Besides the definitional inconsistencies in the book, the term “vigor” is commonly understood as denoting strength or liveliness (as shown in the Oxford dictionary, reflecting the Latin etymology). In scientific writing the rationale for choosing a word should be clear. One must be careful of introducing new terms on literary merit. An epistemological perspective could contribute to this discourse: The incontrovertibility of terms rule (Gardiner & Java, Reference Gardiner and Java1993) states that within a field of science there should be a one-to-one mapping between terms and meanings. The occasional many-to-many mapping of the word “vigor” in this book might lead to confusion.
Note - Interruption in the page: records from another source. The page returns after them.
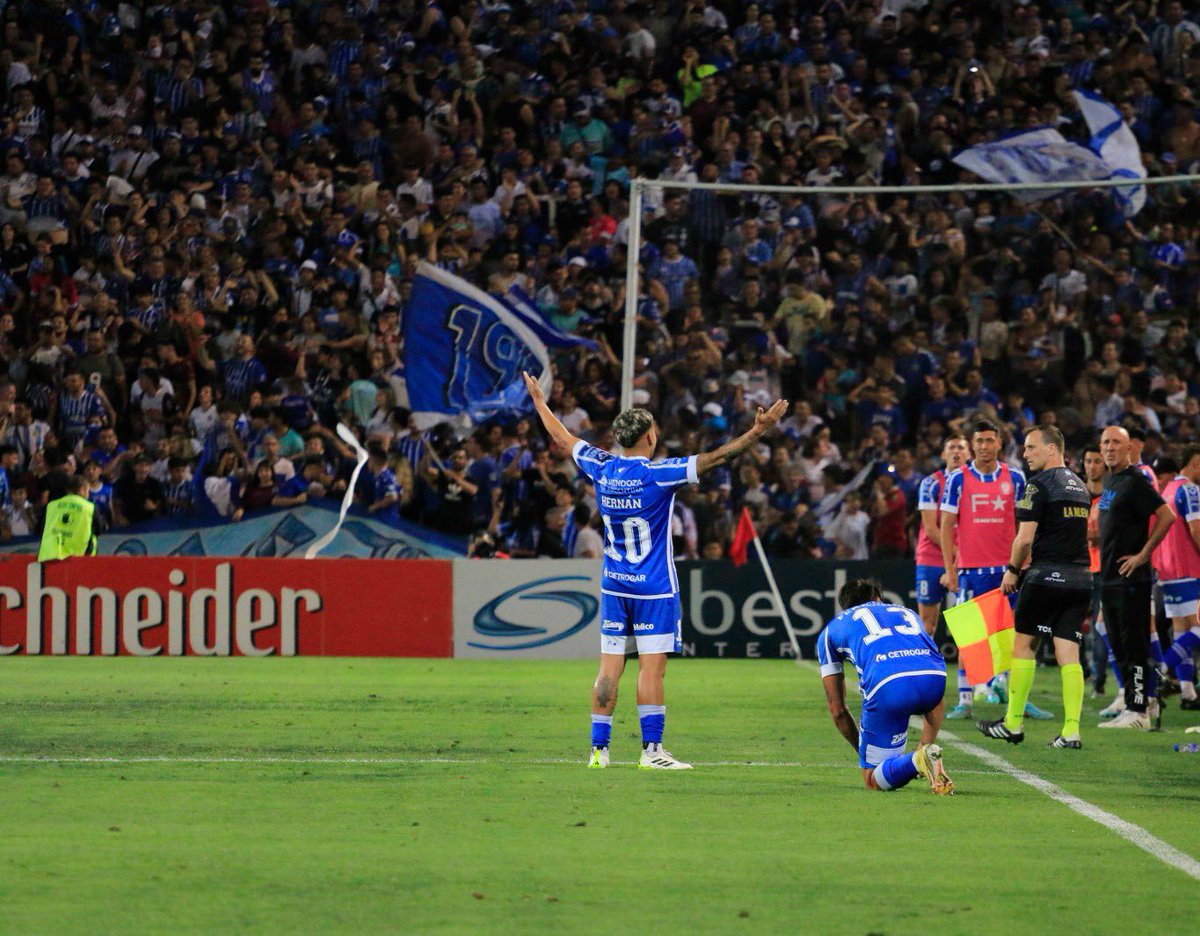 messibodeguer0's tweet photo. HOY JUEGA EL CLUB DEPORTIVO GODOY CRUZ ANTONIO TOMBA https://t.co/oQy3sxR2vc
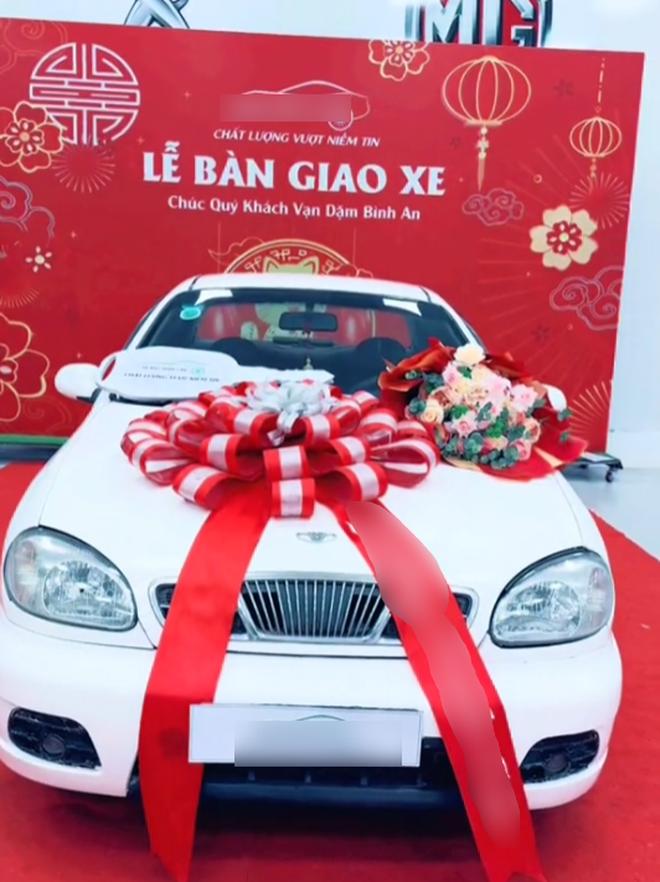 Lễ bàn giao xe cũ 39,5 triệu được tổ chức hoành tráng, dân tình dè bỉu, chủ showroom lên tiếng-3
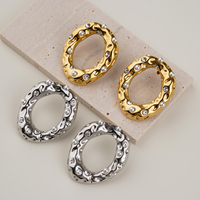Pendientes de Perlas Plateadas y Doradas EDGE, Diseño Ovalado Abierto Abstracto, Texturizados, Joyería de Moda para Mujer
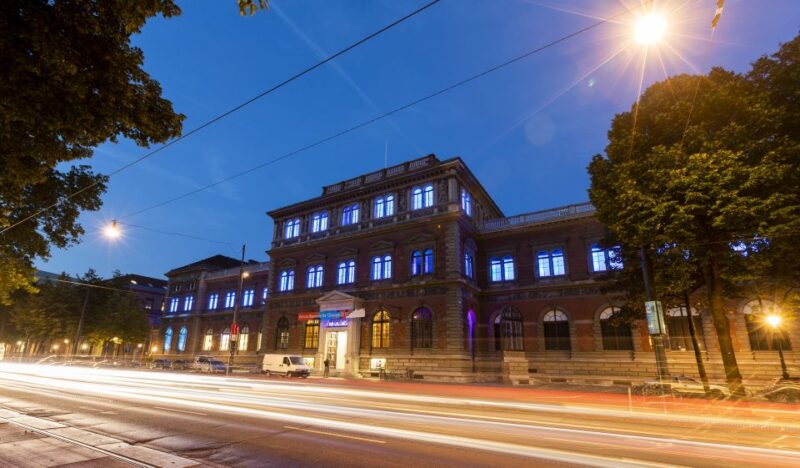 Vienna: Panoramic Night Tour by Bus - An Evening with an Informative Audio Guide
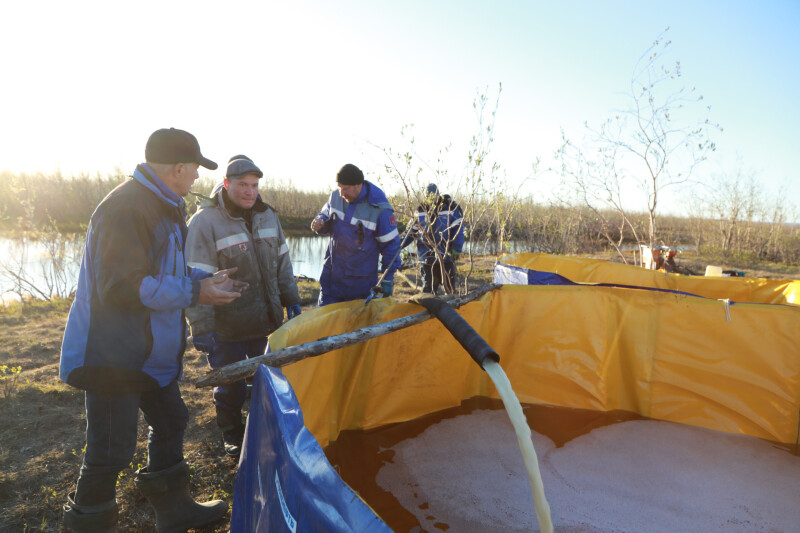 Почти 33 тысячи квадратных метров грунта обработали в Норильске после ЧП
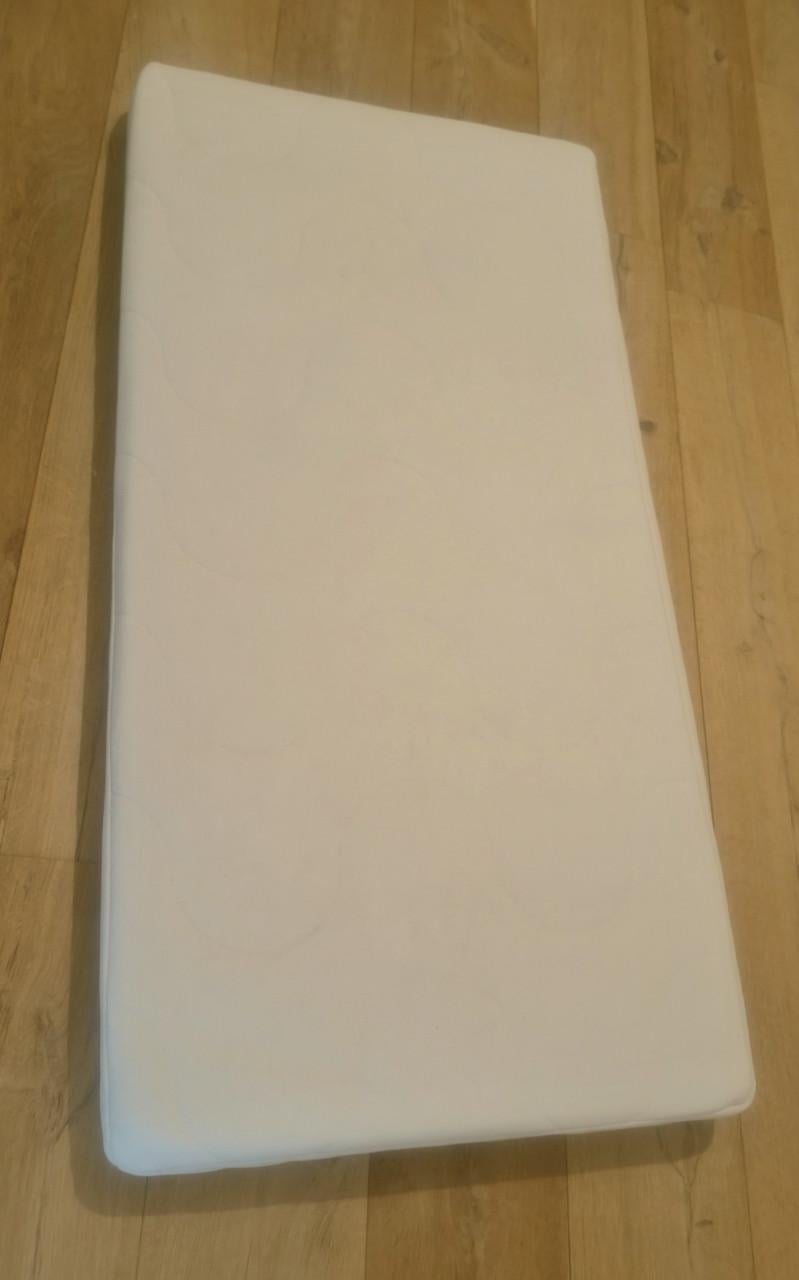 Ledikant bopita + matras en beddengoed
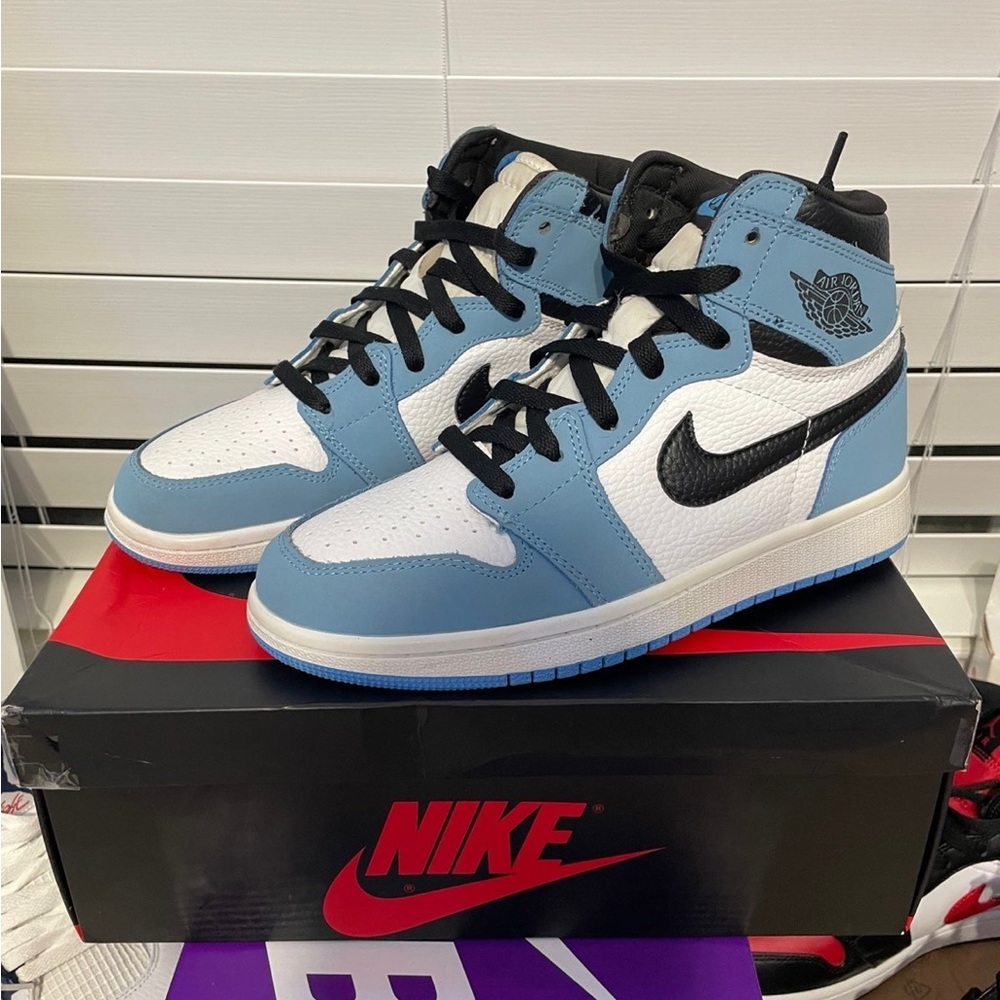 SOLD Authentic Nike Air Jordan 1’s High University Blue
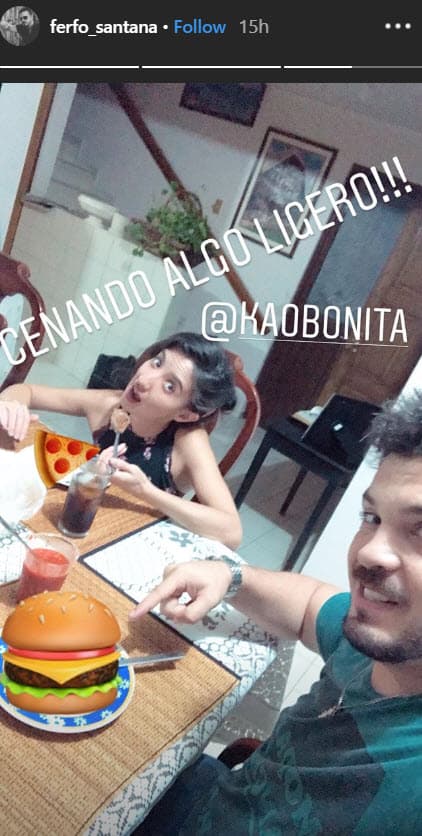 Incluso, publicaron los platillos que habían degustado por la noche: "Cenando algo ligero", se lee en la imagen.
Given that there is currently no term that succinctly summarizes reaction and movement time in the way that vigor does, vigor defined as “the inverse of reaction time plus movement time” can be a novel addition to the scientific lexicon of motor control, provided one considers the caveats we have discussed. However, any empirical study demonstrating a correlation between vigor and a given experimental variable would not be complete without dissecting whether the effect of that variable is on either reaction time, movement time, or both. Therefore, we feel that the use of “vigor” as a scientific, rather than an evocative, term is up for debate.